Work task:
For the material below, the expected output is exactly the lines between the line holding "beste bankier ever" and the line holding "Relco Cobalt Blue", inclusive, with pictures left out.

___ The data

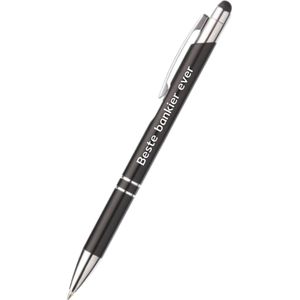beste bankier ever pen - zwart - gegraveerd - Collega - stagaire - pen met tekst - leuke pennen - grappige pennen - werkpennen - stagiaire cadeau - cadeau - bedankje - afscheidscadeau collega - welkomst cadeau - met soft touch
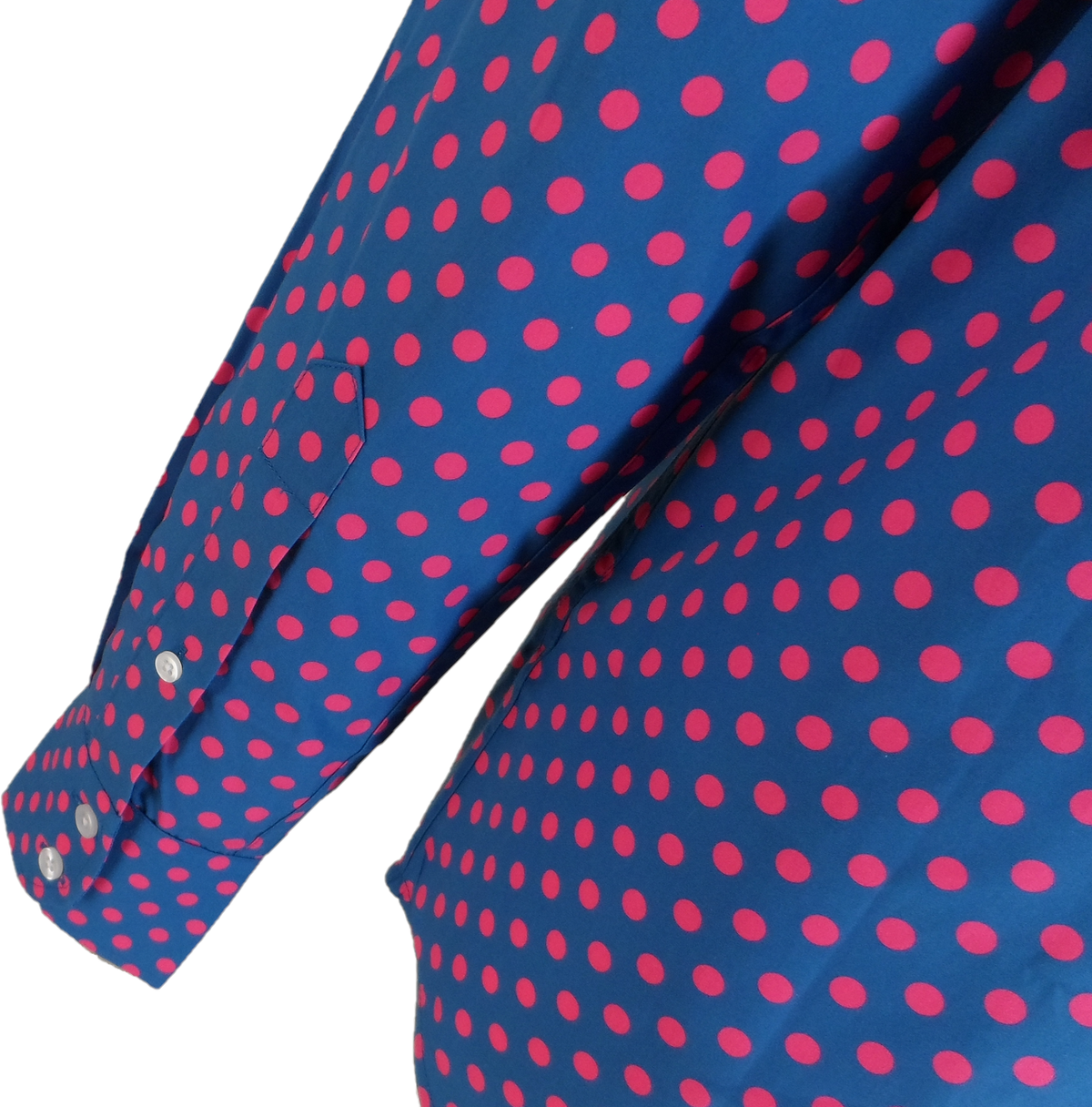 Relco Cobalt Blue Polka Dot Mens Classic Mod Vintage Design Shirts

______
___ The data

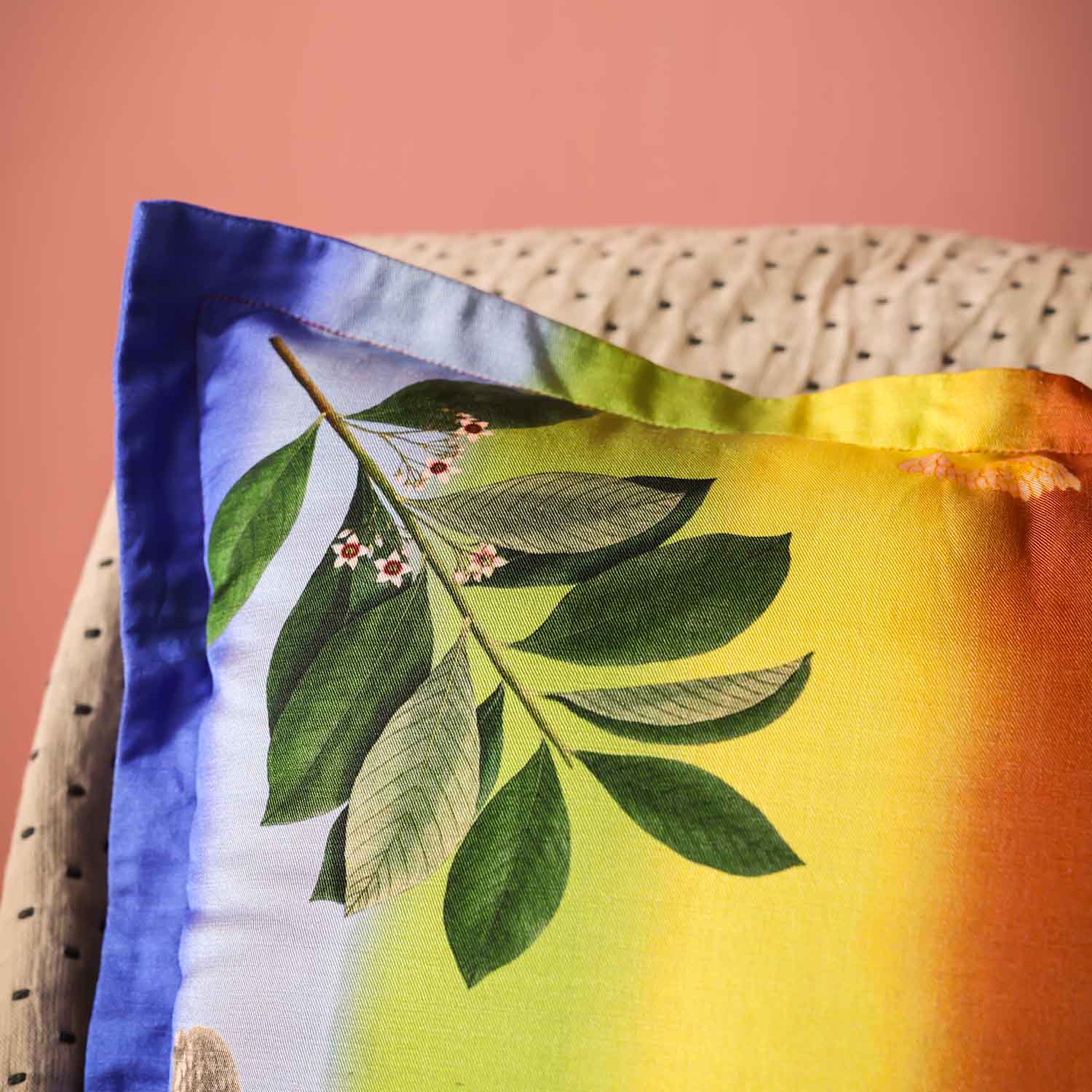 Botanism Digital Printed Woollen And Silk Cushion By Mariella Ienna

______
___ The data

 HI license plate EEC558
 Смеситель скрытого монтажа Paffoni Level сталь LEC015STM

______

Task solution:
beste bankier ever pen - zwart - gegraveerd - Collega - stagaire - pen met tekst - leuke pennen - grappige pennen - werkpennen - stagiaire cadeau - cadeau - bedankje - afscheidscadeau collega - welkomst cadeau - met soft touch
 Relco Cobalt Blue Polka Dot Mens Classic Mod Vintage Design Shirts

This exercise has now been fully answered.